ML: Sweety (fondly called by me) and I met in our church in Birmingham in 2011. We were church friends before I said yes to him.

How did I say yes to him? I had known that he was going to be my husband before he had asked me out. Prior to asking me out, the Lord told me and showed me a couple of things about my future which I wrote down. Some of the things that God had shown me were pretty unimaginable. One of the things that God told me was that sweety was going to be my husband and I should allow Him to order my steps. Deep down in me, I felt it was impossible for the vision to come to pass. Thus, I guarded my heart to the extreme by avoiding sweety and also I avoided his calls and I chose not to return them. I didn't tell anyone about the vision except my best friend (my chief bridesmaid). She was like let's see how everything would go and she joined me in praying.
God is such a mysterious God; His ways are indeed not our ways. His wisdom is incomprehensible. As sweety is a guru in technology, he had previously downloaded the App called WhatsApp on my phone but this never worked and since I was not very good with technology, I didn't bother to figure it out. After a while that I had avoided him, the App started working and with the excitement of it working, I sent him a message via the App to thank him and to also inform him that this was my first time of  using it since he had downloaded it. Also, I used the opportunity to apologise for not returning his calls all the while. He immediately rang me and said I should not worry about not returning the calls. After this time, our friendship blossomed. Our friendship blossomed to the extent that we knew every single thing about each other. I had also liked what I'd known so far about him. Then I went back to God to guide me and to order my steps.
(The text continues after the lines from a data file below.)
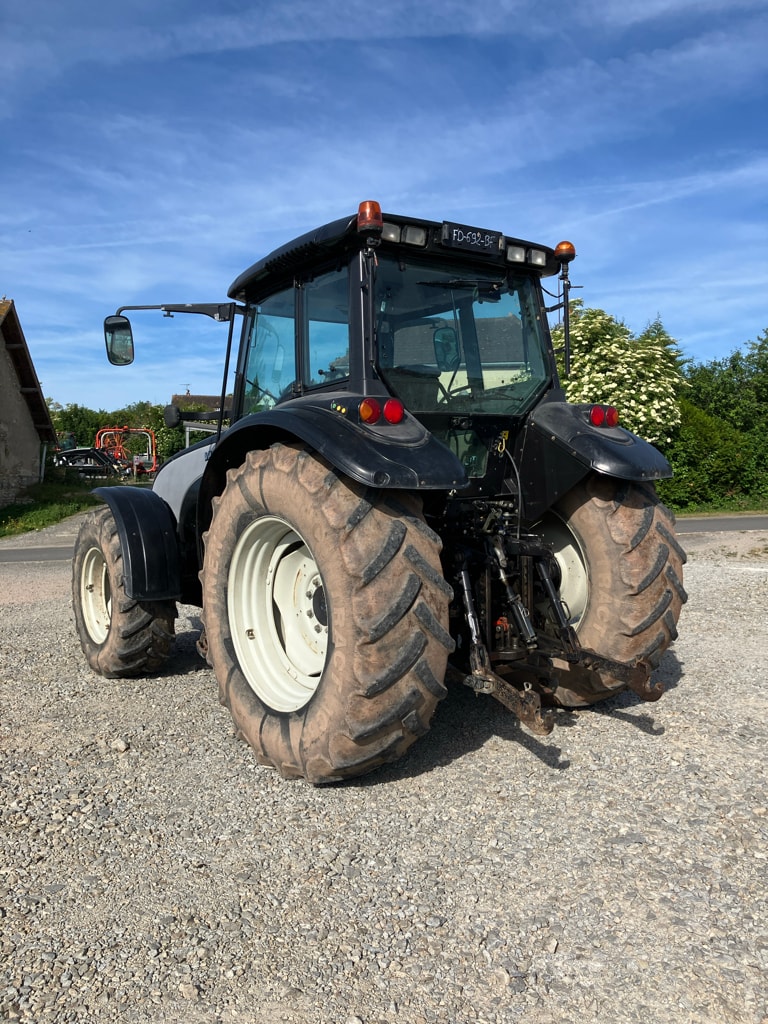 Tracteur VALTRA T 120 - photo slide 7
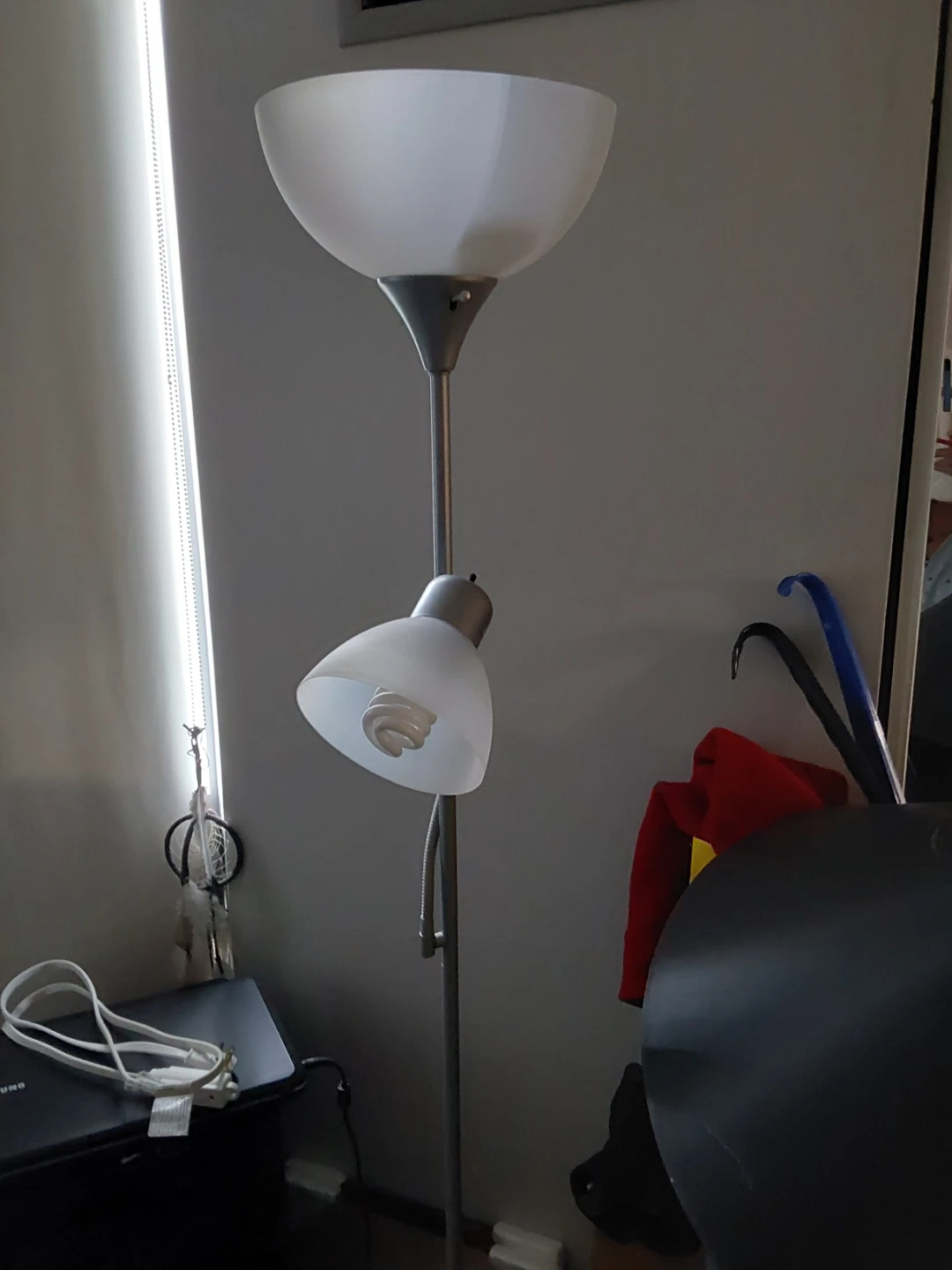 Floor Lamp with Adjustable Reading Light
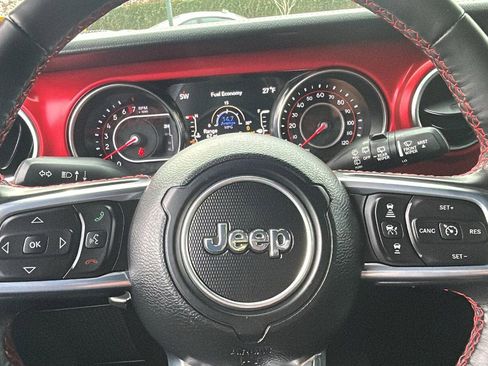 Certified 2022 Jeep Wrangler Unlimited Rubicon w/ Xtreme Recon 35" Tire Package image 16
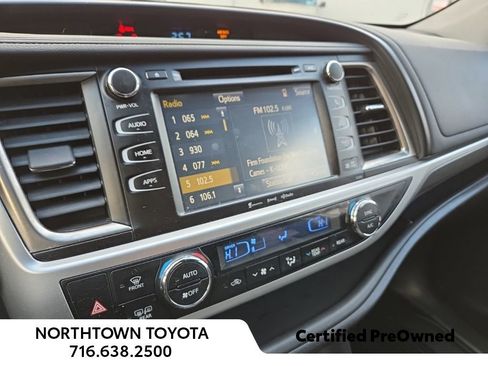 Used 2019 Toyota Highlander XLE image 18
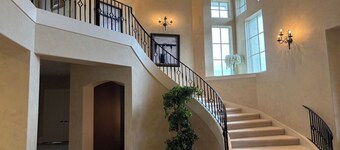 20 acre private winery estate - 9250 square foot house with 5 bedroom suites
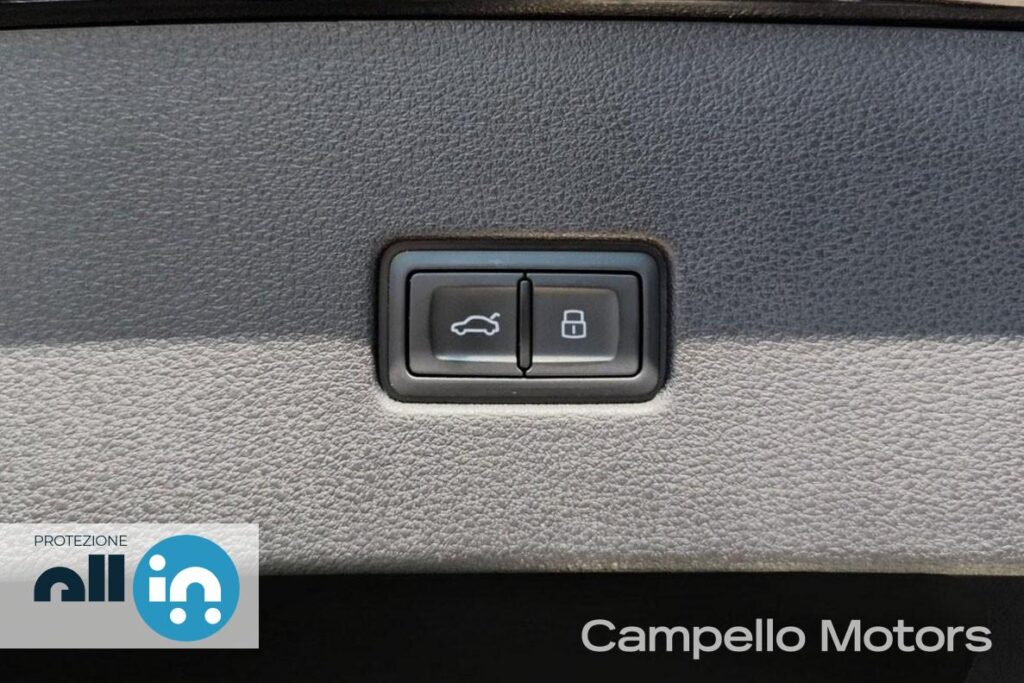 AUDI Q8 3.0 TDI mhev 231cv S line edition quattro tiptronic Usato Mestre Terraglio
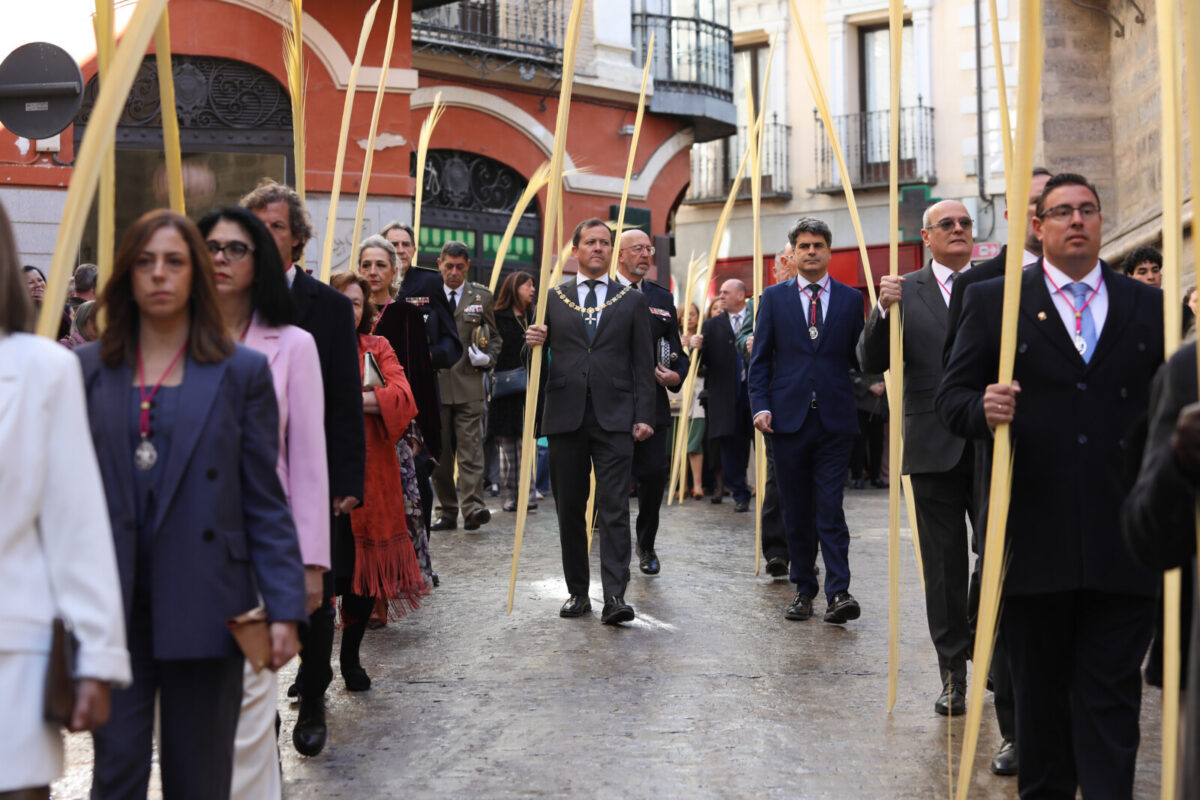 https://www.toledo.es/wp-content/uploads/2026/03/domingo-de-ramos-8.29-03-26-1200x800.jpg. El alcalde destaca el buen inicio de la Semana Santa y el impulso turístico de Toledo durante estos días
SG: How did you know ML was the one when you met her?

HD: I actually didn't know she was the one I would marry when I met her. We were nothing more than friends in Church. We were both active members of the Youth Fellowship and occasionally, we as well as another Youth in the church planned programmes together. So, the short answer is no, I didn't know she was the one. It wasn't until over a year after I had known her that I definitely knew she was the one and for me, it was a Word to me from God confirming that.
Between the time I first met her and when I definitely knew she was the one for me, I got to know who she really was, how she interacted with people, her stance on certain things etc. In addition, prior to knowing that she'll be my wife, I had actually written a set of prayers (a letter to God) during a time of prayer and fasting where I told God to keep, watch over and prevent my future spouse from an irreversible mistake as I didn't want to be worried about any of those.
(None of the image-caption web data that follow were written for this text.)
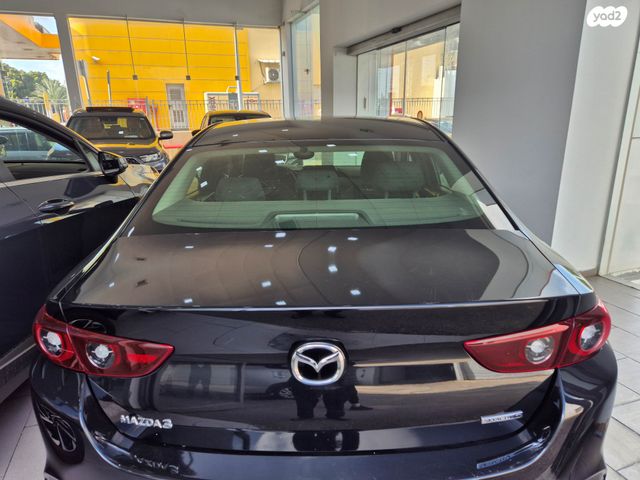 מאזדה 3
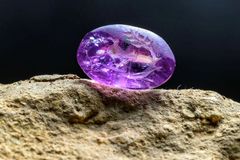 Archaeologists Find Rare ‘Balm of Gilead’ Gemstone  Near Jerusalem’s Western Wall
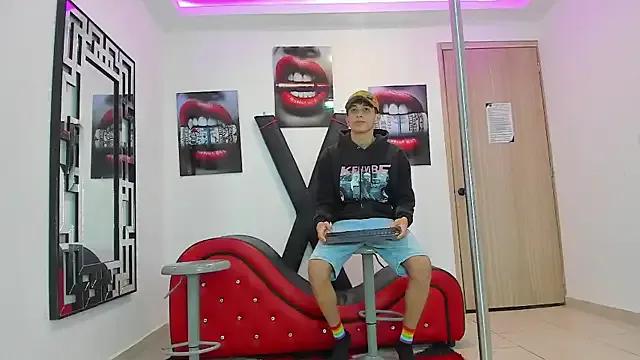 Sweet RED_EMPIRE wants you to fuck their body now RED_EMPIRE from StripChat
SG: Can you recall your first date? Where was it?

HD: Yeah, I definitely recall this. It was at TGI Friday. I asked if we could meet for a meal and asked her to choose a venue and that's where she picked. It was a really good one and we had fun just chatting in a relaxed environment.
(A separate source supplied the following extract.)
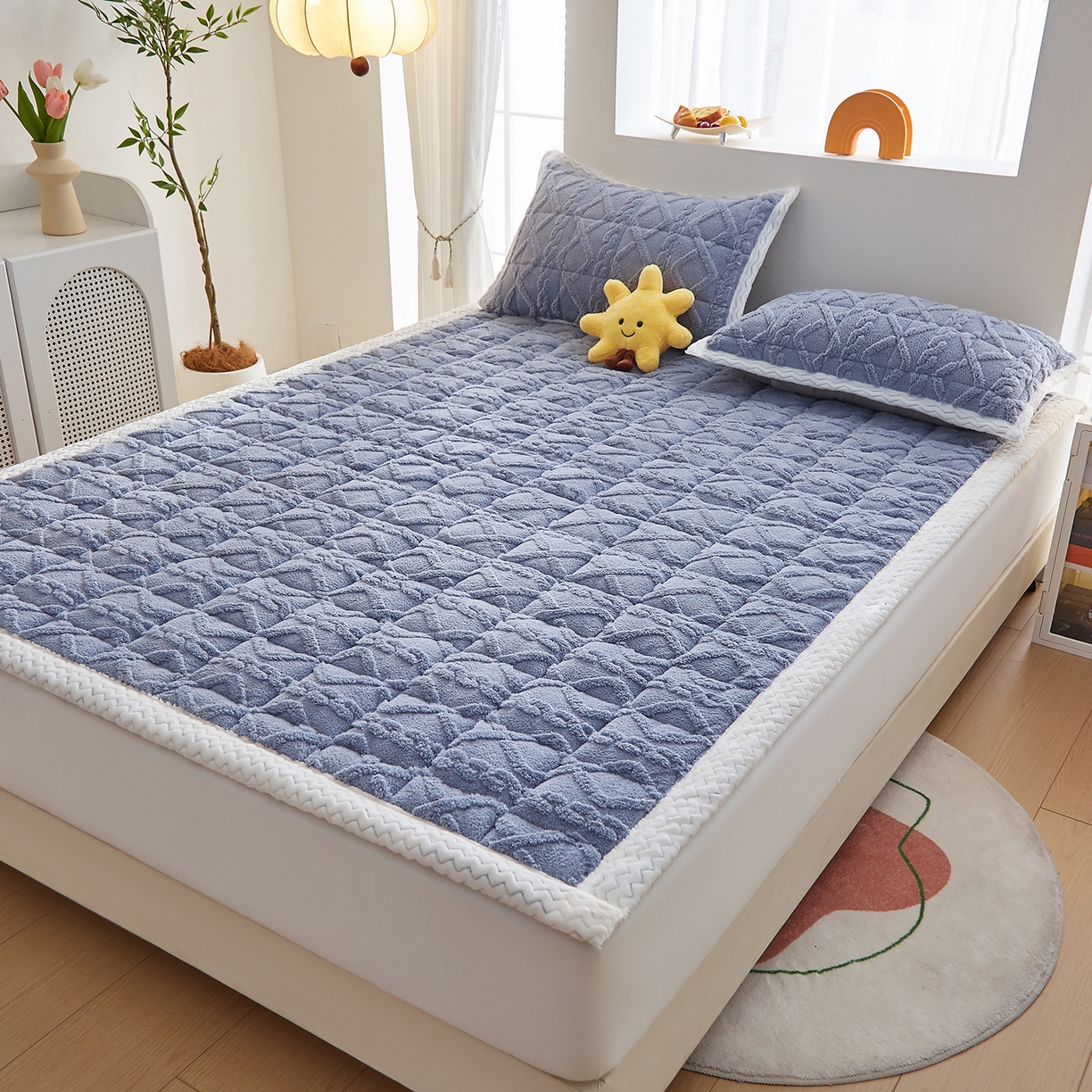 91家纺网 家纺一手货源 找家纺 月茶家纺 2025新款A类塔芙绒保暖夹棉床垫-成人款（全网最低） 格调灰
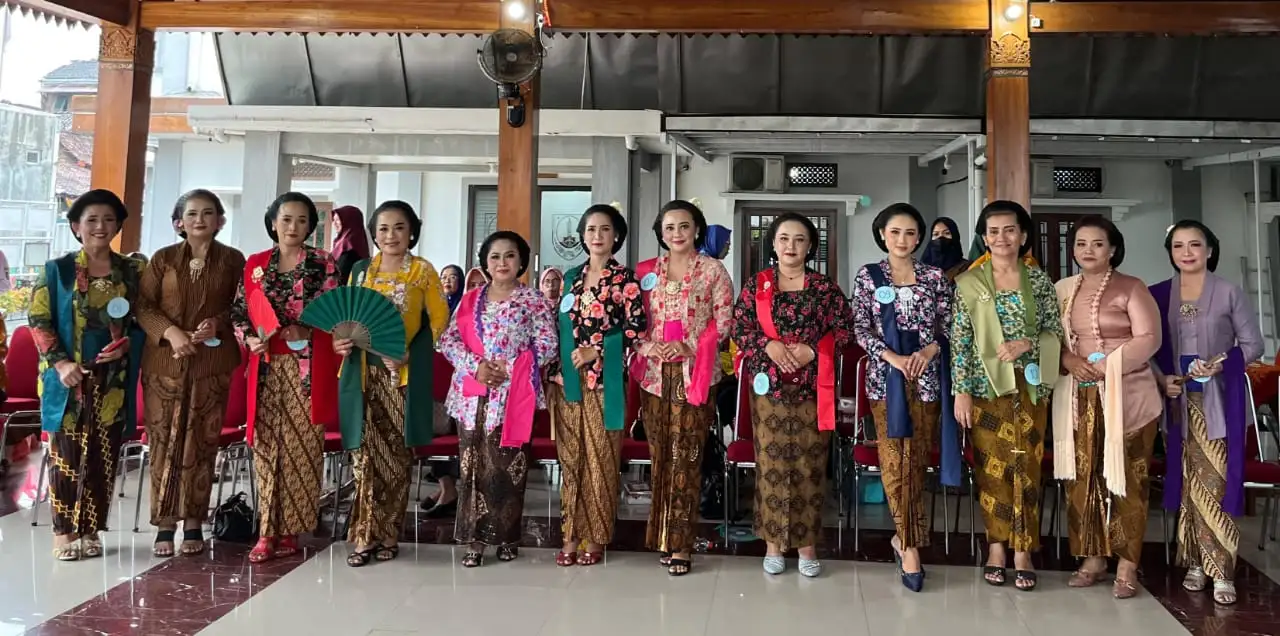 Meriah! Ibu-Ibu PKK Joglo Solo Ikuti Lomba Fashion Show Kebaya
ML: Yes. It was TGI Friday, Birmingham. He asked me to choose the venue. He was actually not in the country at the time. The day of his arrival after a very long flight, he dropped his luggage at home and came straight to the restaurant. At the restaurant, I was extremely shy. In fact the closest people to me got me ready for the date. When I arrived at the restaurant, I was so shy to come out of my car to meet him as he was already waiting for me at the restaurant. I remember I sent a message to my best friend while I was at the car park, she encouraged me. Considering I was not a big fan of  dates, nevertheless, the Lord directed my steps accordingly.
At the restaurant, a random man came towards us and said: "You really make a great couple, can I please take your picture for you using your phone?" We consented. A voice immediately whispered into my ears and said "This is another confirmation for you, same way I have brought him closer to you without your help; this is the time."  We had a lovely time at the restaurant.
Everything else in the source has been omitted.